Boyer-Moore String Search — When Bad Character Alone Fails
A 20-char pattern took 10s on repetitive logs.
- Boyer-Moore compares pattern right-to-left and skips characters using two heuristics
- Bad character rule shifts pattern to align mismatched char's rightmost occurrence
- Good suffix rule shifts to align matched suffix's previous occurrence
- Performance: O(n/m) in practice for long patterns – examines ~1 in m characters
- Production insight: Implementation errors (missing good suffix) can cause O(nm) worst case on repetitive text
- Biggest mistake: Assuming bad character alone guarantees sub-linear performance (Horspool is simpler but not guaranteed O(n))

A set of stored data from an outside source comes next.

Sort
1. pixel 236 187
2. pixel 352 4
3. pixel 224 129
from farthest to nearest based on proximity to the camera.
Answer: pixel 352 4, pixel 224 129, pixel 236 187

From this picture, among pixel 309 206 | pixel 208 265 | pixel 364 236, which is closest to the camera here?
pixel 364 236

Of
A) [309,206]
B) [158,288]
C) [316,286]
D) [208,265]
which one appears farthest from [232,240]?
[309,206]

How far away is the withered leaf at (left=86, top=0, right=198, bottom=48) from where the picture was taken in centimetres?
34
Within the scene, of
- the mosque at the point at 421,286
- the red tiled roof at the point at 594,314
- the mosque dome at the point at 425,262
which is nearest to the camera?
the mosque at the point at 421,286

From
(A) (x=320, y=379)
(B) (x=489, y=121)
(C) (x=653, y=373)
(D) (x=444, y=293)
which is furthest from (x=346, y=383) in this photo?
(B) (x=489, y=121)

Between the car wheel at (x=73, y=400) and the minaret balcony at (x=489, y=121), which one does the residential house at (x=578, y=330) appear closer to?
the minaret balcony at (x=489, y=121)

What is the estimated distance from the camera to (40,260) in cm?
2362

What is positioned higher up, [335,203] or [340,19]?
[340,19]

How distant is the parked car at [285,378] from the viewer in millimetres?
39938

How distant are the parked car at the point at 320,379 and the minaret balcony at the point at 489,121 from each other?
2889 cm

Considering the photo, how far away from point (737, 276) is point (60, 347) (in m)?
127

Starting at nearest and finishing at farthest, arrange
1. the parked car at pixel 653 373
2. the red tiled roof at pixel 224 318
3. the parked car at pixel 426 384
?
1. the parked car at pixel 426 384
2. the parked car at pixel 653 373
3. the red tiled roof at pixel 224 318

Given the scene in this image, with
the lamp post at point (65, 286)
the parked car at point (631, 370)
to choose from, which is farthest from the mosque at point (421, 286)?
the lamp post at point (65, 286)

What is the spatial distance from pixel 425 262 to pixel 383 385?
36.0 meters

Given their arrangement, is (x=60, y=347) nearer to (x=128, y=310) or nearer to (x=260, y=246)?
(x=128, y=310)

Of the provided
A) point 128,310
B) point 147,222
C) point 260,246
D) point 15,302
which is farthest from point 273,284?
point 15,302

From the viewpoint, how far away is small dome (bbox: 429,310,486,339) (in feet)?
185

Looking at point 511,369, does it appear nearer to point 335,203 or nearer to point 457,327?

Most string search algorithms compare left to right. Boyer-Moore does something counterintuitive — it compares the pattern right to left. When it finds a mismatch, it uses two powerful rules to skip ahead by many characters at once, sometimes jumping the entire pattern length. This is why Boyer-Moore gets faster as the pattern gets longer — the opposite of what you'd expect.

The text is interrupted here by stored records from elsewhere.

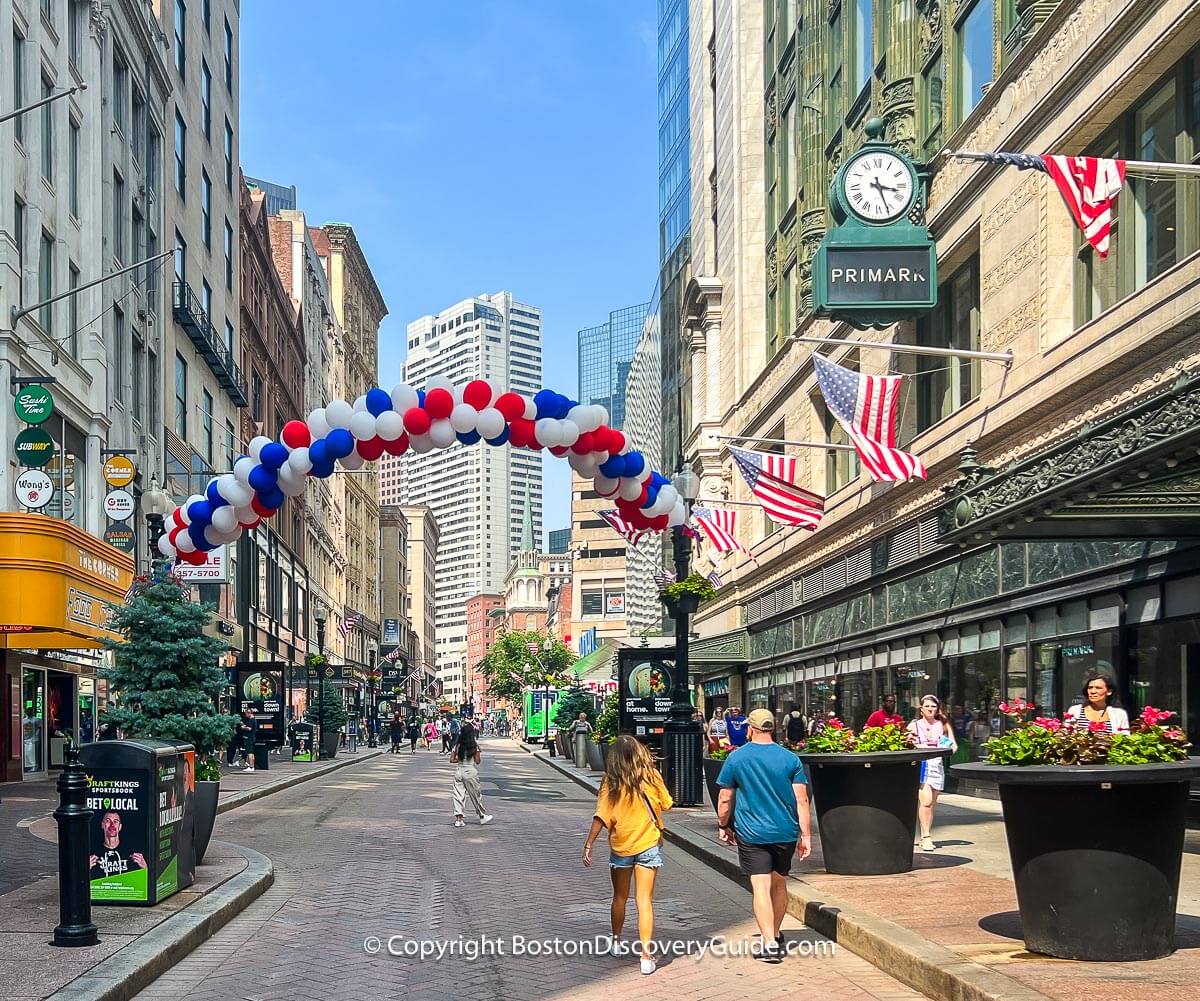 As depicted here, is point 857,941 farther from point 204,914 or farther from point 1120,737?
point 204,914

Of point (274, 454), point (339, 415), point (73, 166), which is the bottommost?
point (274, 454)

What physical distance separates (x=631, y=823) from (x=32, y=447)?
67.1ft

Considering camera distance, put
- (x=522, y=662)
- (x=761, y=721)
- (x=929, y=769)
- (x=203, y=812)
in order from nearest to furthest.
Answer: (x=761, y=721) → (x=203, y=812) → (x=929, y=769) → (x=522, y=662)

Open a terminal and run: grep -c 'the' /usr/share/dict/words. Grep finds all matches faster than you can think about it. The reason: Boyer-Moore (specifically Boyer-Moore-Horspool). The longer your search pattern, the faster it runs — counterintuitively, Boyer-Moore gets faster as patterns get longer because it skips more characters per comparison.
This sub-linear behaviour is the key insight. KMP guarantees O(n+m) worst case. Boyer-Moore achieves O(n/m) in practice on natural language text — for a 10-character pattern, it examines roughly 1 in 10 characters in the text. This is why Boyer-Moore is the default in text editors, grep, and most real-world text search implementations despite KMP being theoretically simpler.
Right-to-Left Matching
Boyer-Moore aligns the pattern at the left of the text and compares right-to-left — from the last character of the pattern backward. When it finds a mismatch, it applies whichever of the two heuristics gives the larger skip.
This right-to-left comparison is key: when we find a mismatch at pattern position j (text position i+j), we know nothing about text[i+j+1..i+m-1] — but we know the characters to the right are already matched. This asymmetry is what makes skipping possible.
The Bad Character Heuristic
When a mismatch occurs at text position i+j (pattern position j), look at the mismatched text character c = text[i+j]. The bad character rule says: shift the pattern right so that the rightmost occurrence of c in the pattern aligns with position i+j.
If c doesn't appear in the pattern at all, shift the entire pattern past position i+j — a shift of j+1. If c appears in the pattern to the left of j, shift to align the rightmost such occurrence. If c only appears to the right of j, the bad character rule gives a negative shift — ignore it (use 0 or the good suffix rule).
Boyer-Moore with Bad Character Only (Simplified)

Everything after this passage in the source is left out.